Spazio Oberdan - Via Vittorio Veneto 2 - Milano


  1. Director: Peter Jones
  2. Scientific Advisor: William J. H. Andrewes, Jonathan Betts, Andrew King
  3. Editor: Eve Gage, Les Filby
  4. Photography: Brian McDiarmant
  5. Music: Dan Jones
  6. Sound: Fraser Barber, Tony Briskham
  7. Producer: David Axelrod
  8. Production: Green Umbrella for WGBH and BBC
  9. United Kingdom
  10. 48 min.
  11. 1999

A best-selling book by Dava Sobel, Longitude tells the story of John Harrison, a humble English carpenter who devoted his entire life to clock-making in an attempt to properly calculate longitude for the first time ever. Drawing on that book, this documentary alternates a narrating voice, interviews and fiction scenes to take us back to XVII century England.
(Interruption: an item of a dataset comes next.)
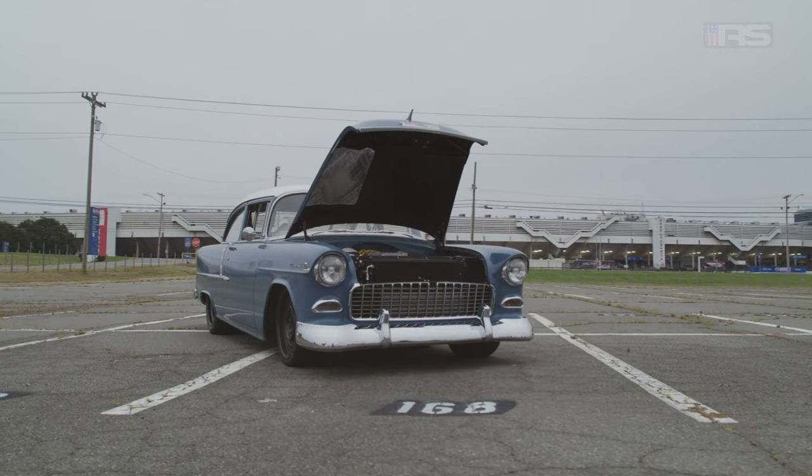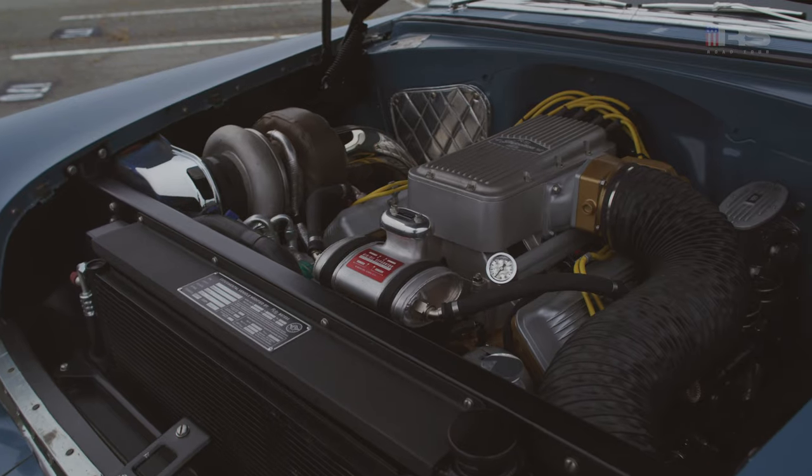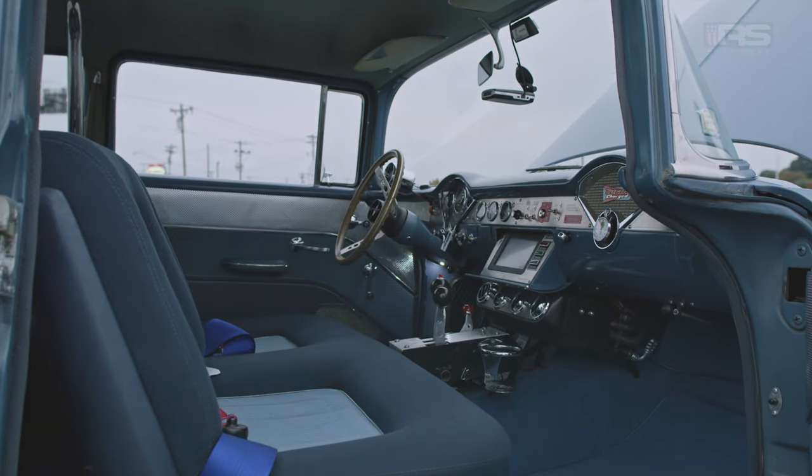The car that we have behind me is a '55 Chevy Post Bel Air. It's loaded with high-tech stuff — it's got a 408 Wegner motor and a Roadster Shop fast track chassis underneath it.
When 2,000 skilled sailors of Her Majesty's Navy led by Admiral Shovell died in the Scilly Islands shipwreck, the English Parliament decided to bestow a 20,000 pound reward (appr. 6 million pounds today) on whomever could solve the biggest problem of navigation by developing an accurate method to determine longitude at sea.
Amongst the astronomical methods suggested by astronomers and the unusual and sometimes weird solutions put forth by those allured by the huge reward, Harrison always remained faithful to his original idea – a clock made of top-quality raw materials and equipped with gears that would guarantee its utmost accuracy, capable of withstanding the extreme conditions of navigation: changes in atmospheric pressure, a different gravity at different latitudes, dramatic changes in temperature, plus blows and vibrations. After 25 years of hard work, materials study and gear-making that resulted in three not quite satisfactory prototypes called H1, H2 and H3, Harrison finally realized that a smaller timekeeper was the only possible solution and built H4. Despite the fierce opposition of the most distinguished astronomers of the time led by Nevil Maskelyne (who wanted his "lunar clock" to prevail), the accuracy of H4 and the support of King George III allowed Harrison to finally receive the much-desired prize when he was over seventy years old.